Rhammatocerus viatorius, Traveller
Grasshopper
Horesidotes cinereus, Ash-gray Range
Grasshopper
It was a
lovely area in any event. Here’s looking upcanyon towards the namesake and then
downcanyon over Tucson.
I also had a
great morning of birding, the first I’ve done in Arizona since the Pine
Flycatcher in early June, with my friends Keith and Patty along the Santa Cruz
River just south of Tumacacori. We found a Black-and-white Warbler, of which I
got a lousy photo.
With it was
a trio of vireos: Huttons’, Cassin’s, and this Plumbeous.
We saw many
other great birds (Gray Hawk, Painted and Varied Buntings), but as we walked
down the stream bed (in rubber boots), I got distracted by the diversity of
odonates – at least six species of damselflies and two dragonflies were present
at once, and I got photos of the following:
Argia nahuana, Aztec Dancer
Argia pallens, Amethyst Dancer
Argia sedula, Blue-ringed Dancer
Hetaerina americana, American Rubyspot
A lifer for
me was this Copaeodes minima,
Southern Skipperling, which used to be only very rare in the state but has
apparently staged an invasion the past couple of years near the border. From
reports I could find online, this might be the farthest north so far though.
My trip to Utah was spurred by the birth of my neice Cherice’s baby this past
February, whom I hadn’t met yet. This happy, amazingly adorable cherub, looking
like a China doll even in real life is Bentley Eolah Erkkila, my sister’s fifth grandchild.
It was good
to see the whole family, here my sister, her husband, and their five daughters.
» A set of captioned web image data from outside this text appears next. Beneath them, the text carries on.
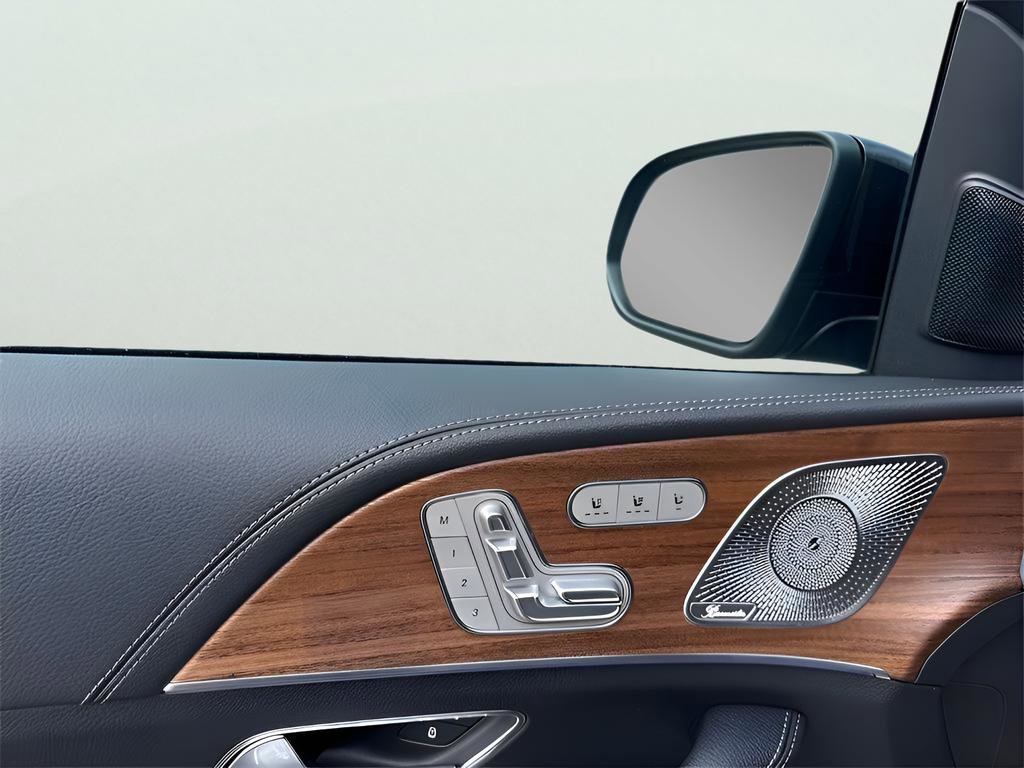 New 2026 Mercedes-Benz GLS 580 4MATIC image 11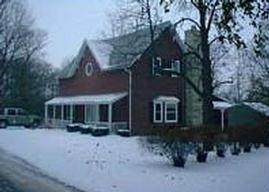 N9211 N South Shore, East Troy, WI 53120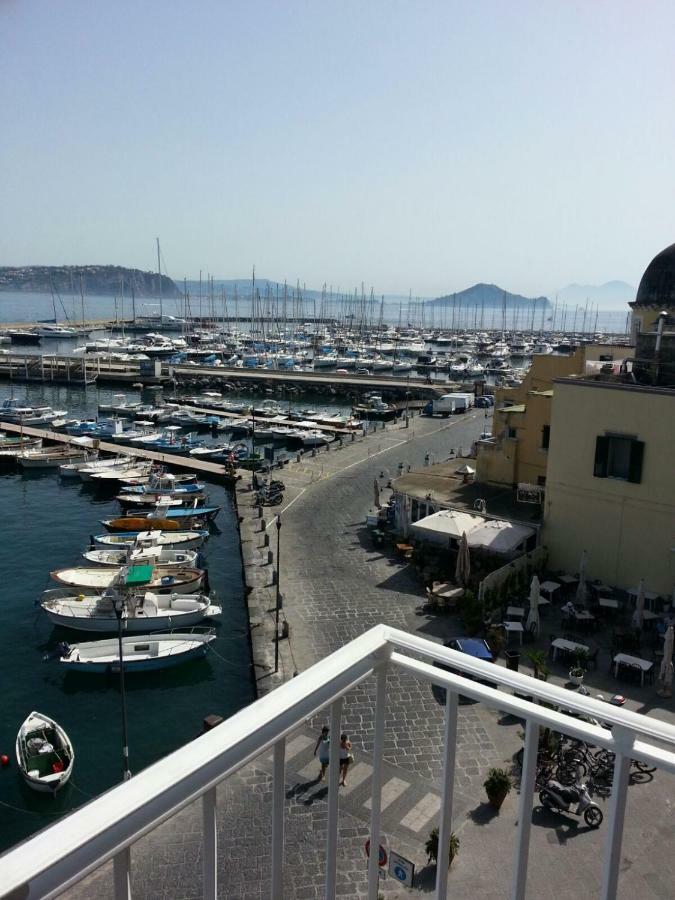 Villa Casa Geltrude Al Porto à Procida Extérieur photo
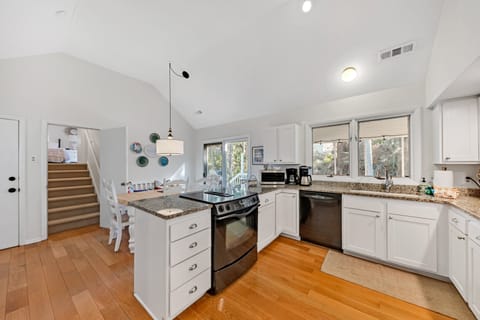 Large kitchen with eat in dining area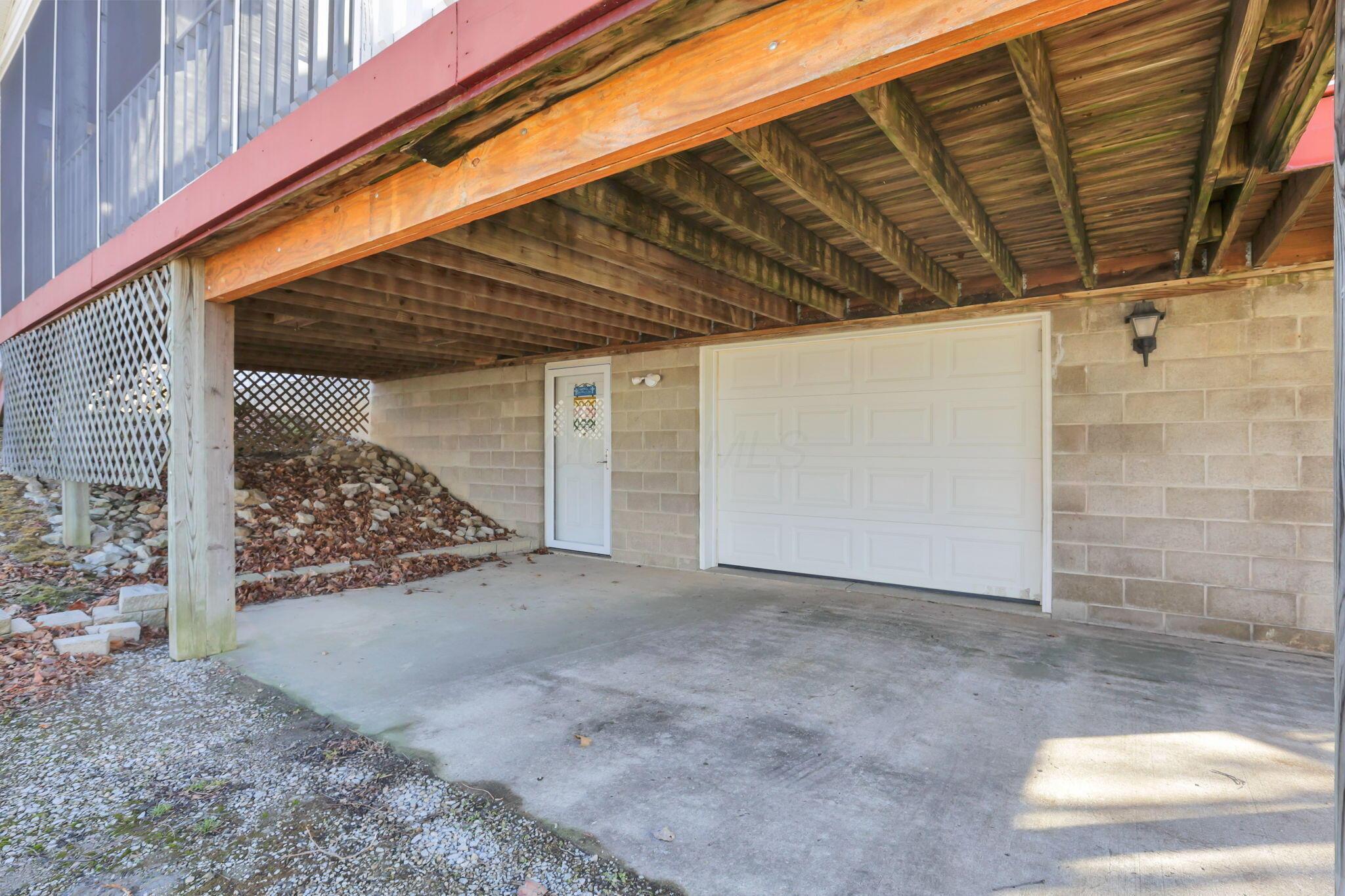 10720 Township Rd 92, Somerset, Ohio image 32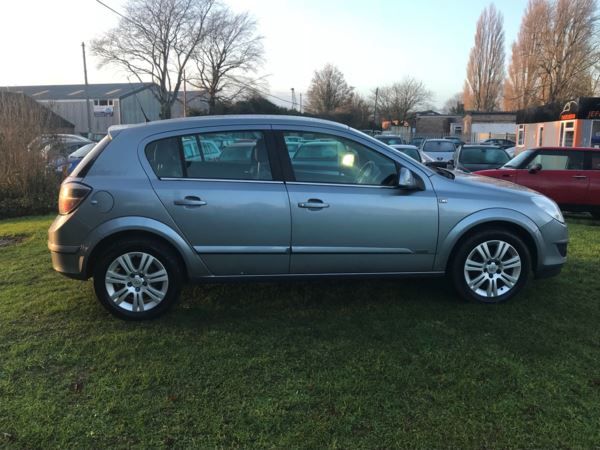 2009 Vauxhall Astra 1.8i 5dr image 2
The other four grandkids were playing around the house.
I also
visited my brother and his family, and failed to get any photos there, except
for the morning I went out birding at Farmington Bay the day before the weather
was supposed to get bad. I found a Lesser Black-backed Gull there (the larger, darker gull with yellow legs; the others are California Gulls), which wasn’t
quite as rare as I had thought. Ten years ago it would have had all the state
listers there in a flash, but now they expect two or three each year.
I still have
to spend time looking up most grasshoppers I find, but this one I recognized
right away, Melanoplus differentialis,
Differential Grasshopper, based on those distinctive black herringbone marks on
the femur.
Speaking of
grasshoppers, while running errands at home, I often bike though a neighborhood
about 1/2 mile south of me we call the “dirt road neighborhood.” Parcels are
several acres, one-story houses are set well off the roads, and the habitat is
largely the original cactus and creosote bush desert scrub that once covered countless
square miles of the valley here. It’s now an extremely rare island in the urban
sprawl filled with introduced Mediterranean, South African, and Australian
plants. Every time I passed through here on my bicycle (remember, I don’t own a
car), I heard a distinctive clicking I didn’t recognize, and I finally stopped once and found a few of these small grasshoppers holding territories in individual creosote
bushes (Larrea divaricata var. tridentata). It didn’t take too much
time to find that they are Ligurotettix
coquilletti, the Desert Clicker Grasshopper.
They were easy
to approach and find, continuing to click at close quarters, unlike most
insects that stop at the first sign of danger. If you get too close, these
little orthopterans do hop and fly, but unlike most grasshoppers, they are
lightning fast and land with the precision of a fly on a tiny twig on the
opposite side of the bush. I had never seen anything like it in a grasshopper,
some of which bonk into trees or land in rivers in their typically random escape methods.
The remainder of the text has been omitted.